## Data section
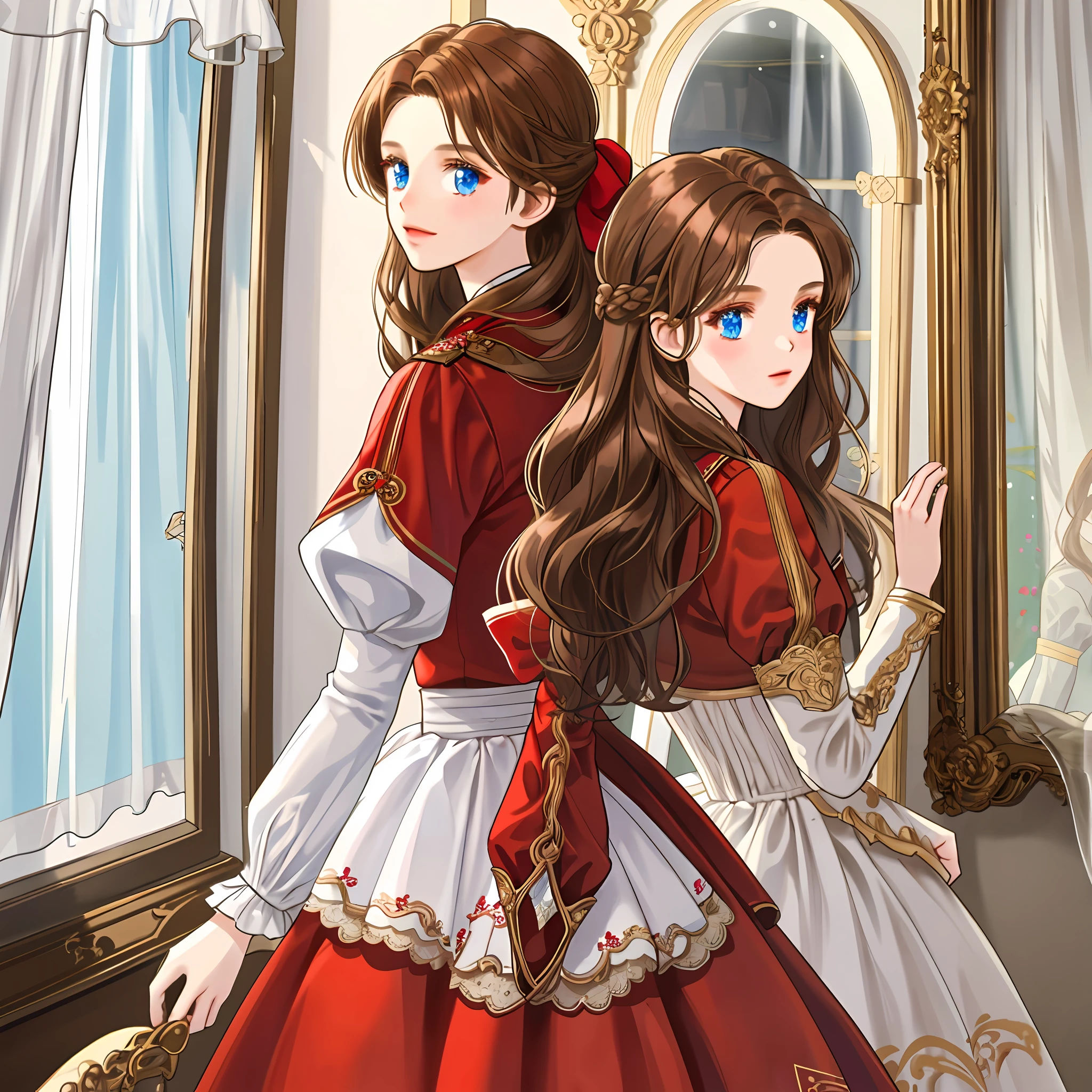 from behind, tender girl, girl with brown hair, bright blue eyes, reflected light, transparent curtains, wearing a red coat and white dress,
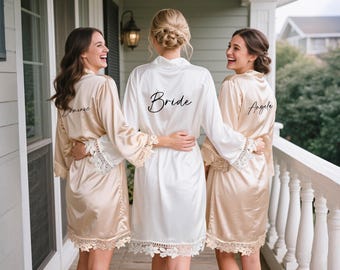 Personalized Bridesmaid Robes with Name,Matching Bridal Party Robes,Silky Lace Robe,Bridesmaid Proposal Gift,Robes for Bridesmaids,Name Robe
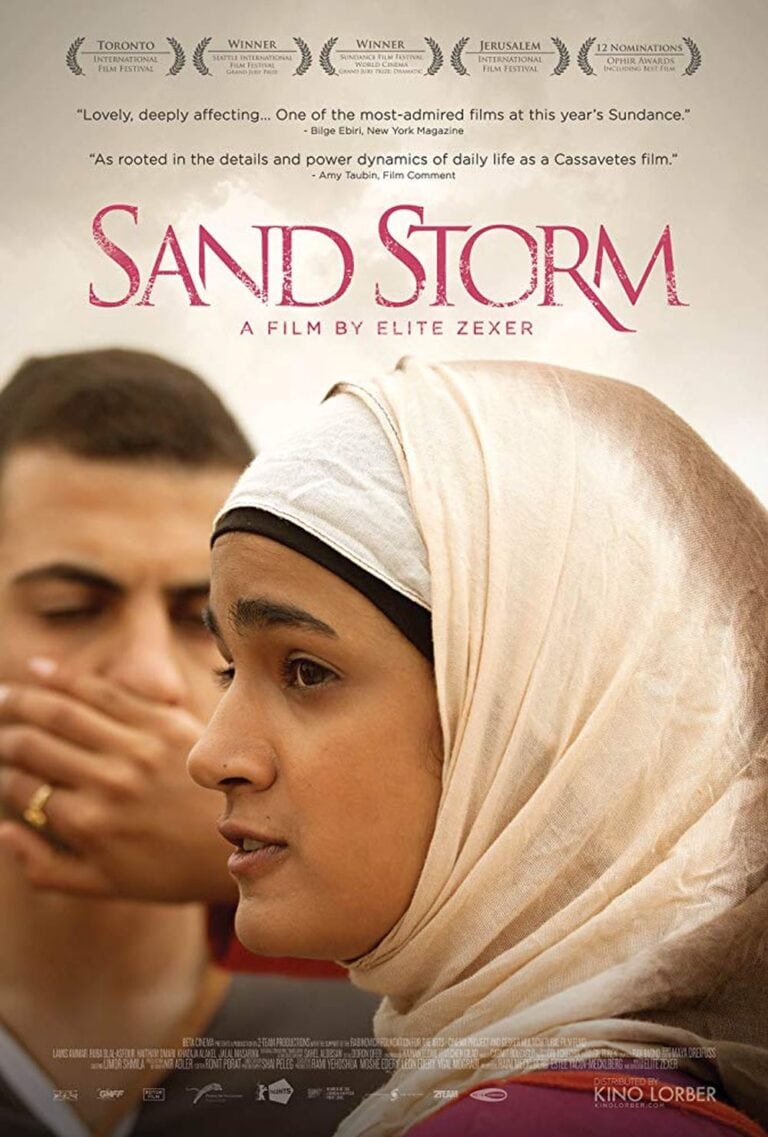 Poster for Sand Storm featuring a close-up of a woman in a headscarf. She covered the mouth of blurred figure in the background. Text includes film festival accolades and reviews. 
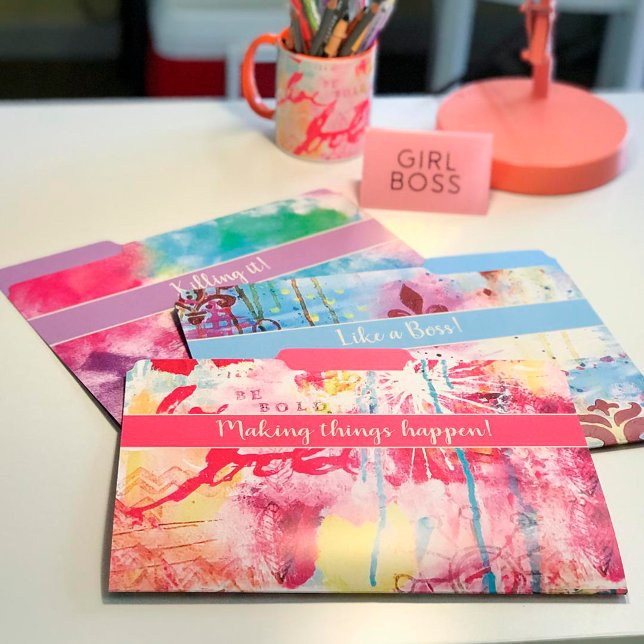 Modern Abstract Art Trendy Pastel Cute Colorful File Folder (Creator Uploaded)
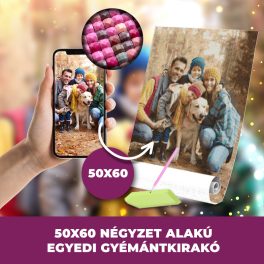   Gyémánt kirakó saját fotóról négyzet alakú gyémántszemekkel 50x70cm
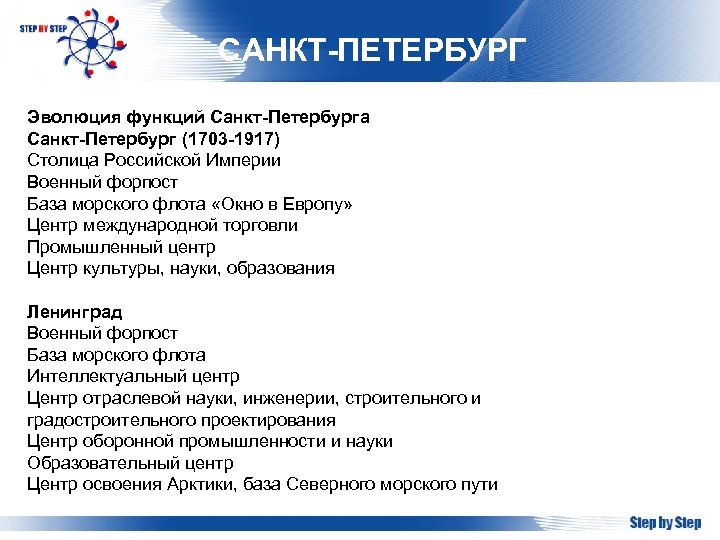 САНКТ-ПЕТЕРБУРГ Эволюция функций Санкт-Петербурга Санкт-Петербург (1703 -1917) Столица Российской Империи Военный форпост База морского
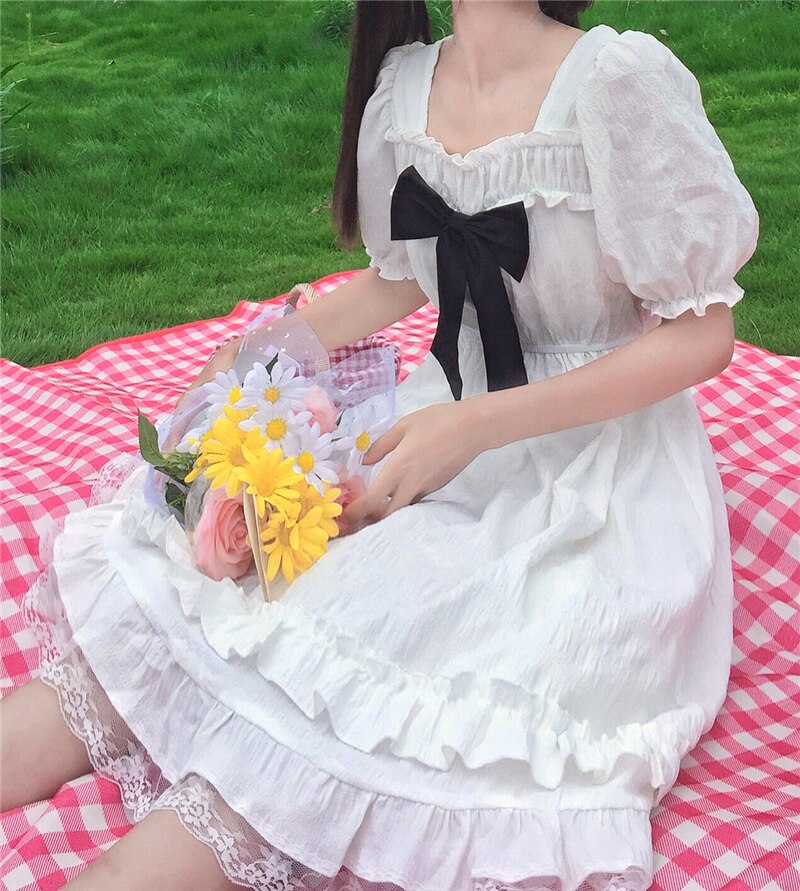 Kawaii mignon Lolita robe blanche noir nœud papillon doux mignon japonais robe victorienne robe kawaii fille gothique lolita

## Exercise brief
A faithful, complete copy of the records above is required, one that contains no pictures.

## Solution for this exercise
 from behind, tender girl, girl with brown hair, bright blue eyes, reflected light, transparent curtains, wearing a red coat and white dress,
 Personalized Bridesmaid Robes with Name,Matching Bridal Party Robes,Silky Lace Robe,Bridesmaid Proposal Gift,Robes for Bridesmaids,Name Robe
 Poster for Sand Storm featuring a close-up of a woman in a headscarf. She covered the mouth of blurred figure in the background. Text includes film festival accolades and reviews. 
 Modern Abstract Art Trendy Pastel Cute Colorful File Folder (Creator Uploaded)
   Gyémánt kirakó saját fotóról négyzet alakú gyémántszemekkel 50x70cm
 САНКТ-ПЕТЕРБУРГ Эволюция функций Санкт-Петербурга Санкт-Петербург (1703 -1917) Столица Российской Империи Военный форпост База морского
 Kawaii mignon Lolita robe blanche noir nœud papillon doux mignon japonais robe victorienne robe kawaii fille gothique lolita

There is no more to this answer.